I did a lot of flying in 2007. I was basically working on both US Coasts and flying between Los Angeles, CA and Atlanta, GA every few weeks.
I started taking one of those clip-boards that opened up and had space inside for paper and pens, etc... I would carry a few Sharpie pens, some pencils, and a stack of vellum 120lb matte cardstock.
I remember seeing a magazine that someone who'd sat in the seat before me must have left behind. It was a People or Us or something along those lines. Full of tabloid stuff.
There was an interview with Natalie Portman regarding cutting all of her hair off for her role in "V for Vendetta" - I guess the magazine was older since that movie had come out the year before.

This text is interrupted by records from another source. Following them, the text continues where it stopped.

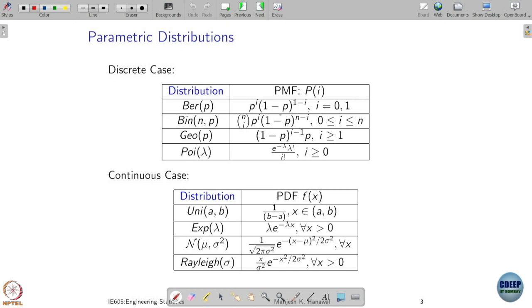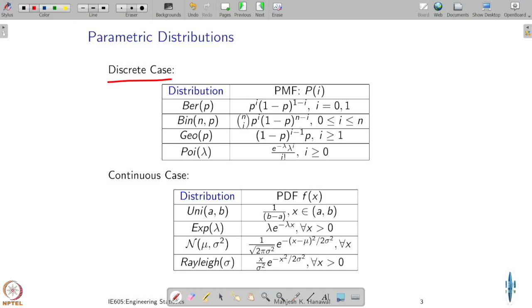We have a quick recall on all the distributions we talked about so far, and we will expand this today. As a recap, in the discrete case we talked about Bernoulli, binomial, geometric, and Poisson — all coming with certain parameters. In the continuous case, we talked about uniform, exponential, Gaussian, Rayleigh, and also made some remarks about Laplace distribution and a couple of others.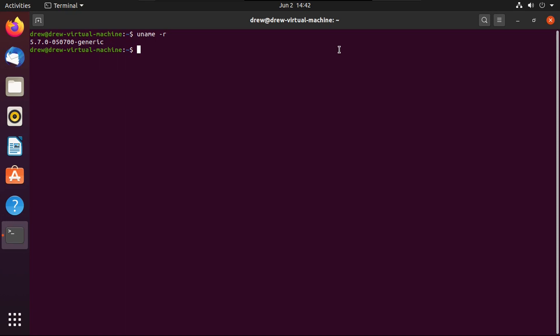If you have a bad Linux kernel that just doesn't work, you can always go back to the one before it, or even go back to the default generic kernel altogether. We still have the default kernel installed, and you can get back to it using the GRUB menu. If it doesn't show up on boot, press the Escape key for UEFI BIOSes, or hold down the Shift key for legacy BIOSes.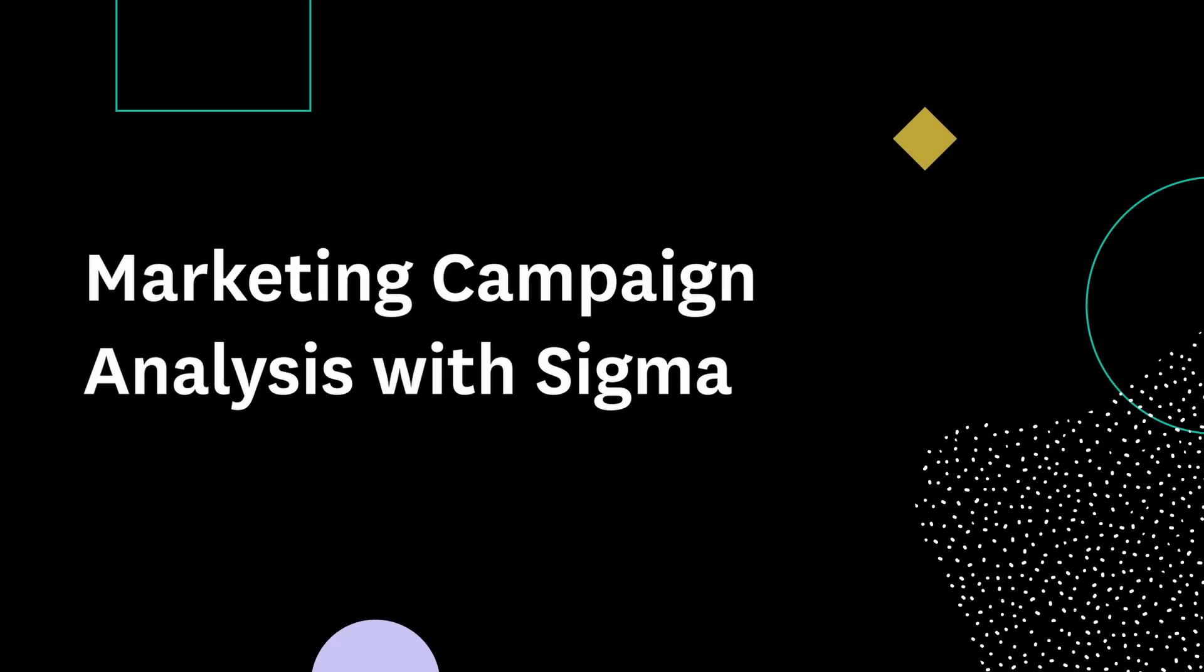Welcome to Marketing Campaign Analysis with Sigma, a next-generation cloud analytics and business intelligence platform.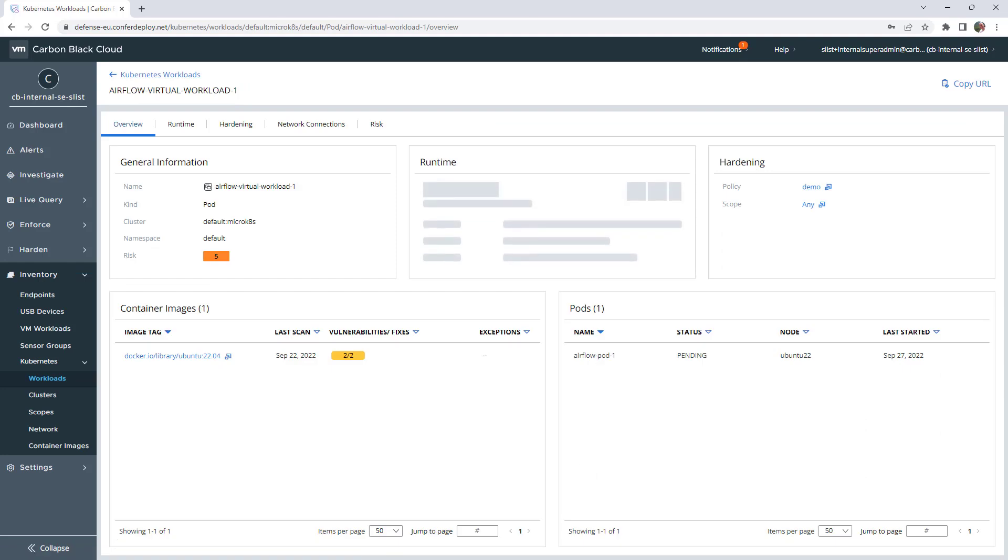If you click on it, you will see again this small icon, and you can create specific roles for this Virtual Workload.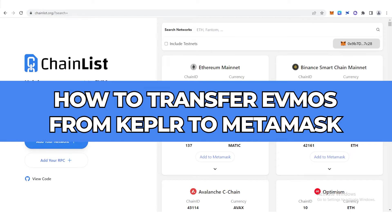In this quick video, I'll show you how to transfer Evmos from Keplr to MetaMask step-by-step.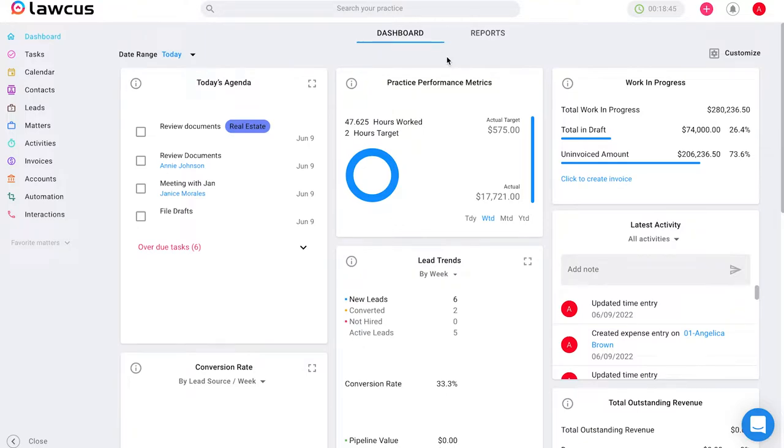Hello and welcome. I'm Ariana from Locus and in this video I will be showing you how to add an expense in Locus. There are multiple ways to add an expense in Locus.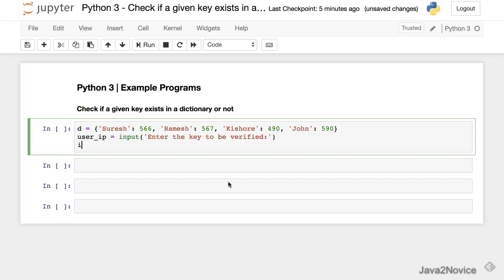So now we will use if user_ip in d.keys().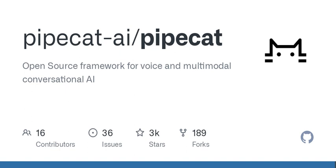Welcome back to our show. Today, we're diving into the world of PipeCat, a framework for building voice and multimodal conversational agents. This framework can be used for various applications, from personal coaches to customer support bots and more.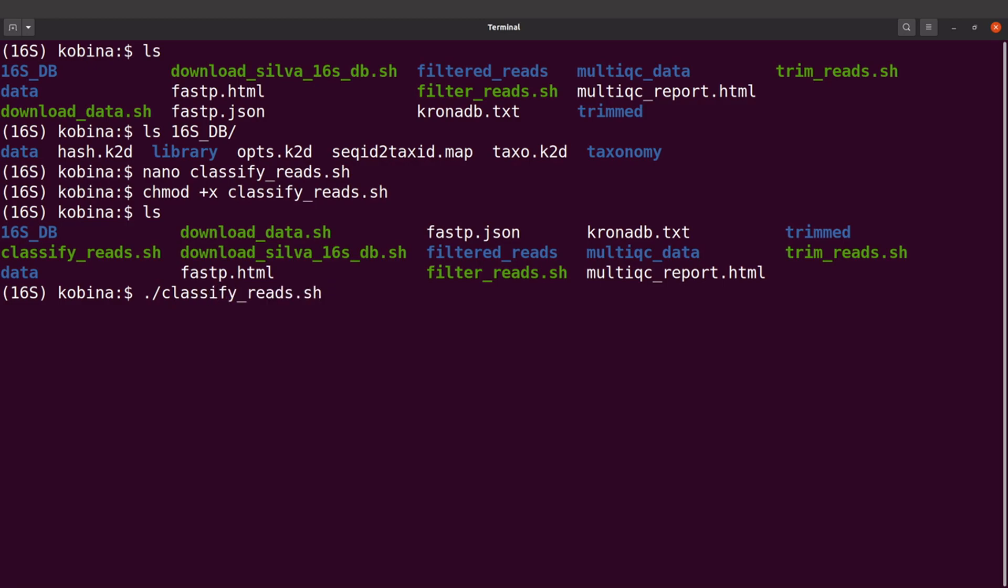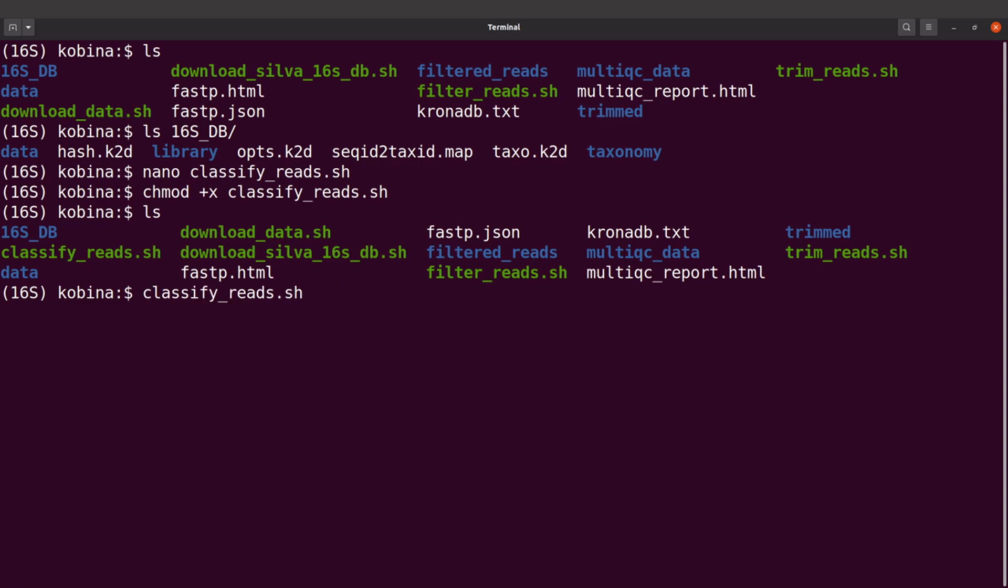I'll say ./classify_reads.sh. Now with the execution, you can do it this way or you can also specify bash and then just specify the script, but I prefer to do it this way. So I'll run this script.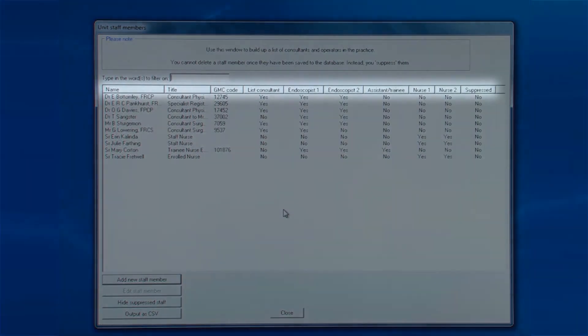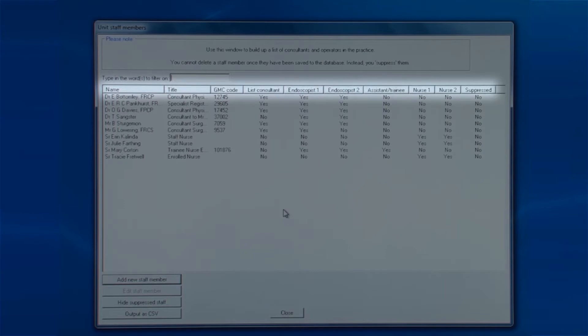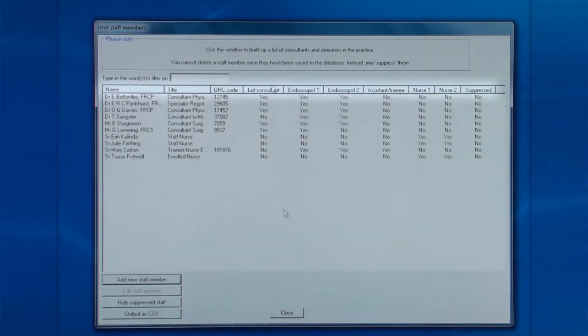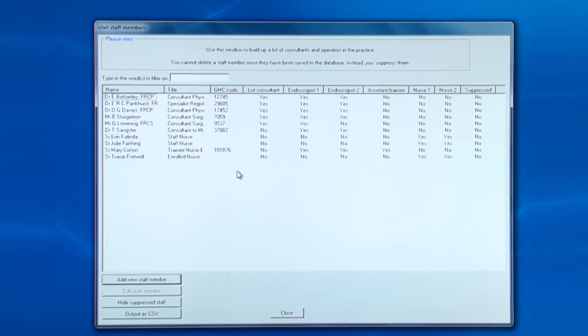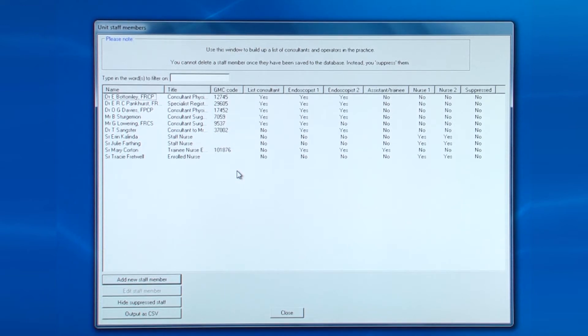As with previous screens, you can sort the columns alphabetically by clicking on the column names. Because this is the NED compliant version, GMC numbers are obligatory for all endoscopists and NMC numbers for nurse endoscopists. Above the column headings is a box that allows you to search for names in the list.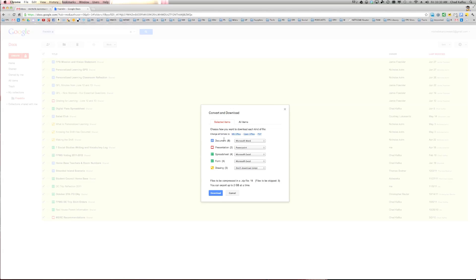When you choose to download, it gives you the file types that it will download those files as. So I could essentially download these all out of this account's Google Docs, and then once I have that zip file, I could open that up, and I could drag all those files back into the school account. That's just if you want to shift everything and move everything and get it all in one place.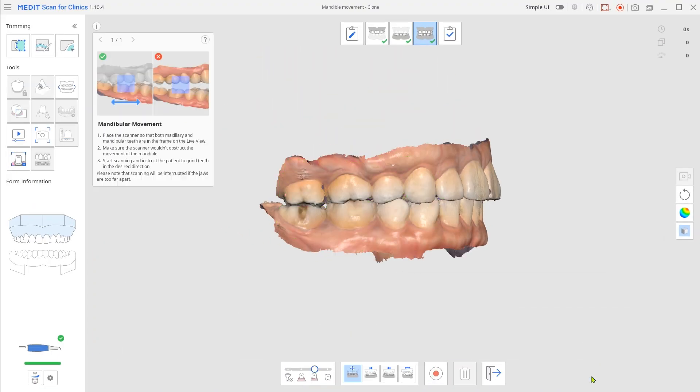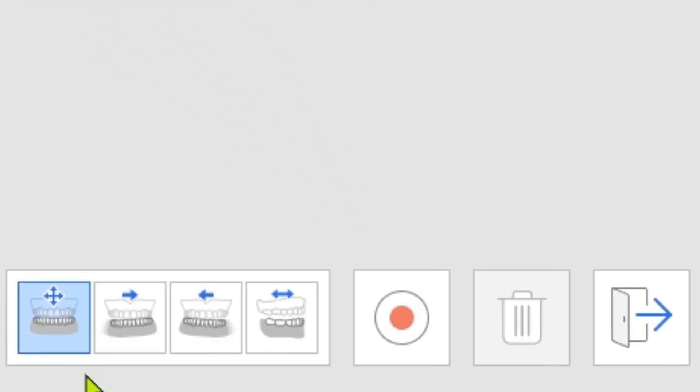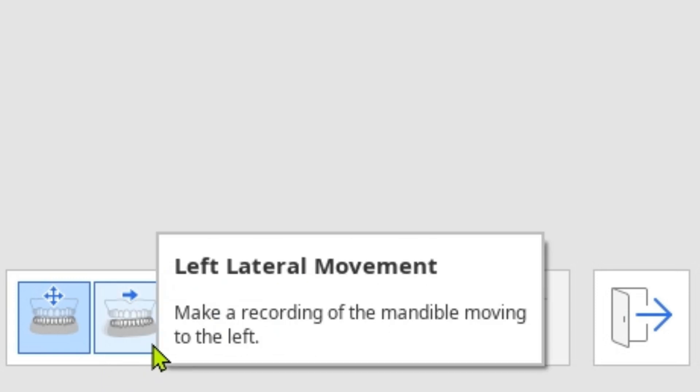You can record up to four different movements, such as Free, Left, Right, and Protrusive.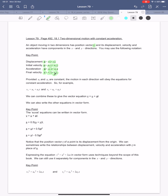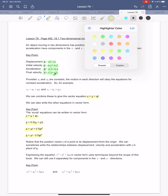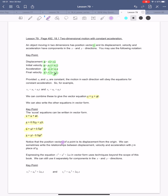Then we combine them all together. The SUVAT equations are: v equals u plus at; s equals a half times (u plus v) times t; s equals ut plus a half at squared; and s equals vt minus a half at squared. We use the letter r instead of s for displacement in 2D, and s for 1D.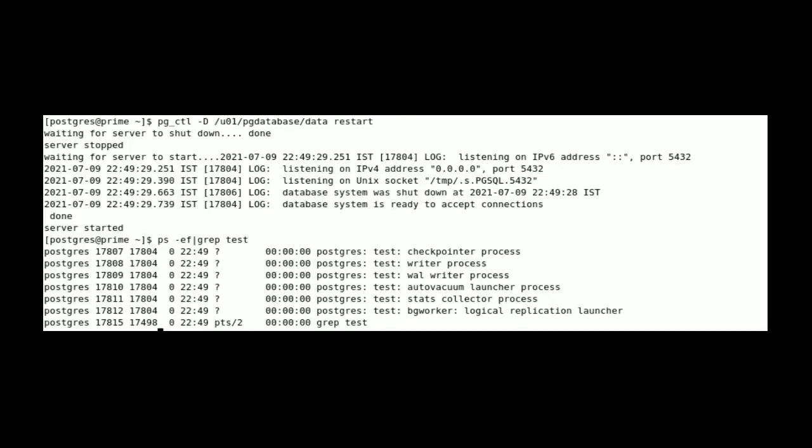So for restarting purpose I am going to use pg_ctl-d the cluster path, or we can use dollar pgdata restart. Once we've done the restart we can directly go and verify the command of ps-grep the cluster name, whatever we set.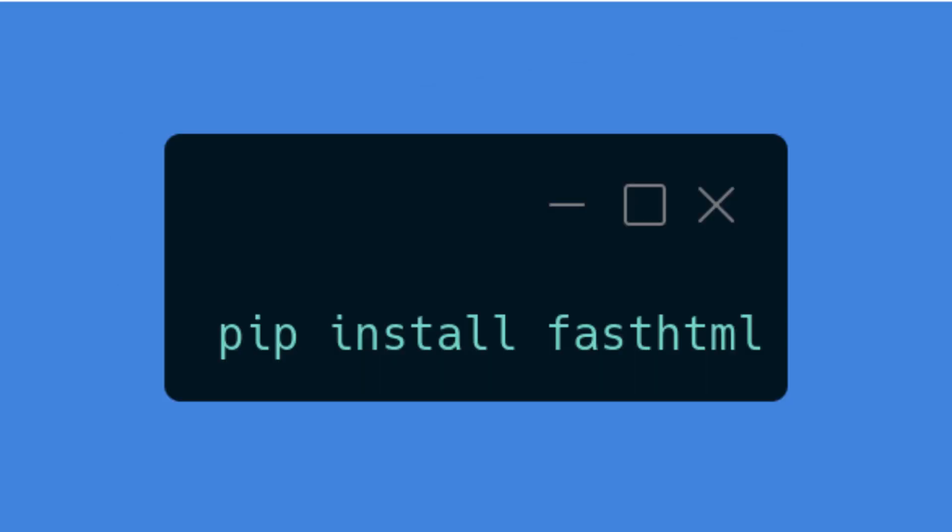To get started, install FastHTML using pip: pip install fasthtml.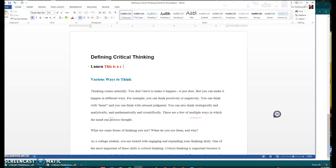I'm not necessarily looking for a particular formatting to annotation, but what I am looking for is quality annotations. So introspective good thoughts and a lot of them to really show that you're engaging with this text.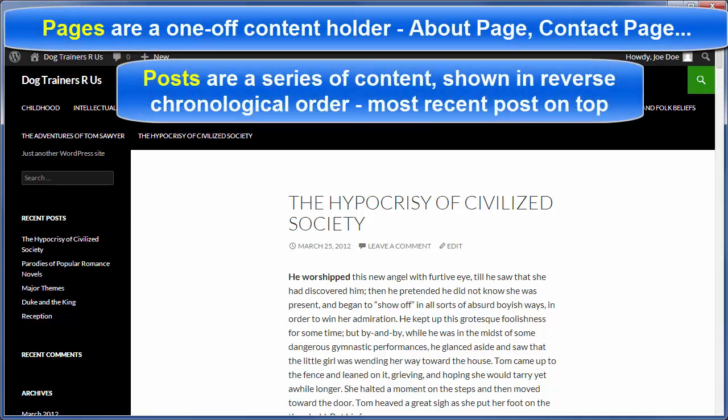Pages are a one-off content holder, and posts are a series of content within a WordPress site that can be related to one another or not, but are by default shown in reverse chronological order, meaning the most recent post is at the top and the older posts are below that.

Off course "V for Vendetta" was published by Vertigo - a subsidiary of DC Comics - So to those people who were so "Why is Natalie Portman doing a comic book movie" when she showed up as Jane Foster in Marvel Comic's "Thor" big screen adaptation I have to point out that she's already jumped into that pool. And whereas the film wasn't well received (V for Vendetta), her performance in the film was widely praised.
Regarding the style that I used when I drew this - From about 2000 until 2012 - I was caught up in a deconstruction phase - I wanted to take any portrait or image I was going to illustrate down to its most basic elements. The quest for me was to use as few lines as possible to create a recognizable - unmistakable - portrait of the subject. I used negative space (white untouched space on the cardstock) and just a few hints of shadow to create shape and frame the features of my subject.
This is one of my favorite examples of my work from that time.
I'd rough sketch the outline in pencil - then use the sharpie to come back and set the final lines onto the cardstock.